Hi I am old to programming but very new to Julia so the answer may be obvious.
Forward Mode AD is often compared with the forward pass of a neural net, Reverse Mode AD is compared with back propagation and clearly you cannot replace back propagation with a forward pass. Forward and Reverse Mode AD both compute the gradient. But are they the same function or, ignoring efficiency, is Reverse Mode doing something the Forward Mode is not? Alternatively are there applications using Reverse Mode where, ignoring efficiency, Forward Mode could not be used?
The reason for asking this is that the paper https://richarde.dev/papers/2022/ad/higher-order-ad.pdf Provably Correct, Asymptotically Efficient, Higher-Order Reverse-Mode Automatic Differentiation defines Reverse Mode AD as a correct and efficient way to compute the gradient when there is a large number of inputs. Yet their definition computes the same function as Froward Mode AD.
Any correction of my understanding much appreciated.
Clarification:
Let Forward Algorithm means an algorithm that takes dx and computes df(x) and Reverse Algorithm mean an algorithm the takes df(x) and computes possible dx.
The easiest Automatic Differentiation algorithm to understand is a Forward Algorithm called Forward Mode Automatic Differentiation but is not efficient when there is a large vector of inputs (x). Hence Reverse Algorithms were invented that were efficient with a large vector of inputs these were called Reverse Mode Automatic Differentiation. These Reverse Algorithms appear much harder both to understand and to implement.

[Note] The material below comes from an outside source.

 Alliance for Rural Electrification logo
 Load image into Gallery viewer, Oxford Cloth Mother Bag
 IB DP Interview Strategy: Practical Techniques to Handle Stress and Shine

In the paper cited a Haskel forward algorithm for computing Automatic Differentiation was given that is efficient with a large vector of inputs. This, because of the efficiency, was not unreasonably called Reverse Mode Automatic Differentiation. On the assumption both that they are correct and that their algorithm can be implemented for Julia programs does it mean that the Reverse Algorithms are no longer useful. Or is there some use cases (not Automatic Differentiation) for which Reverse Algorithms are still needed?